I never asumed he hated homosexuals, this is directed to thos who believe that God is disgusted by them and hates them. In my belief, god loves everyone, and everything, even those people who were born to sexually attracted to other things rather than the opposite sex and the only thing that he objects to is the sins we have done in our lives.
Your beliefs are absolutely correct and in line with true Catholic teaching.

Catholic teaching further states that people who act on their sexual attraction towards anyone, outside of the sacrament of marriage, offend God. This applies to homosexuals and heterosexuals equally.
 
Hey Johnny My Friend,

I had a message for you : You are LOVED and WANTED by God.
He LOVES you as you are, and he just asks to to present yourself to him as you are.

If you are gay, you are called to live a christian life. The church not says that you will go to the evil, he just says that we all have to live a christian life with god in the centre. It’s the same message for all people : heterosexuals, homosexuals…
The church asks to all the christian communities to pay attention with gay people, to accept them because they are loved and to integrate them in different communities.
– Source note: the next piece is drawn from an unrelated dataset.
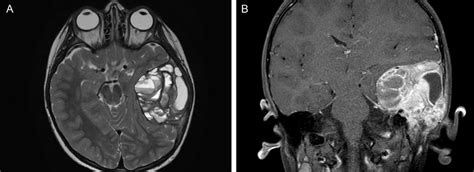 (A) Pre-operative MR images (axial T2 sequence): multiloculated osseous ...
But in our different communities you have humans, so where are humans, there are incomprehensions… I’m persuaded that God will first judges you on the way you have lived your orientation, more that your orientation in itself.

Who am i to judge you or other people with their sexuality? Just put your faith in god and follow him my friend. It’s the more important.

God bless you.
 
The only reason why I’m writing this is because I’m sick and tired of being called ‘evil’ just because of my sexual orientation.

I strongly believe I’m a loving person. I love my life, my family and friends. ALL human beings are creatures of love, no matter what they are attracted to.

At the end of the day that’s all it is, a sexual orientation. Just because I’m gay doesnt mean I’m ‘evil’. I’m tired of the Catholic Church in particular persuading people that it’s wrong. It is not, nor has it ever been.

In reference to another thread about gay couples being allowed to adopt, to quote one of this websites answers “Adoption is for the benefit of the child involved”. Are you saying a child is better to be in a foster home rather than be adopted by a same-sex couple? I am telling you that any child would be lucky to have two dads or two mothers.

Homosexuality is not contagious, its not caused by mothers ‘loving’ their child that bit too much. I was born this way.

I always wonder why the Church continues this mentality, when thousands of people (teenagers in particular) are committing suicide because they can’t live with being gay because YOU are telling them they are evil?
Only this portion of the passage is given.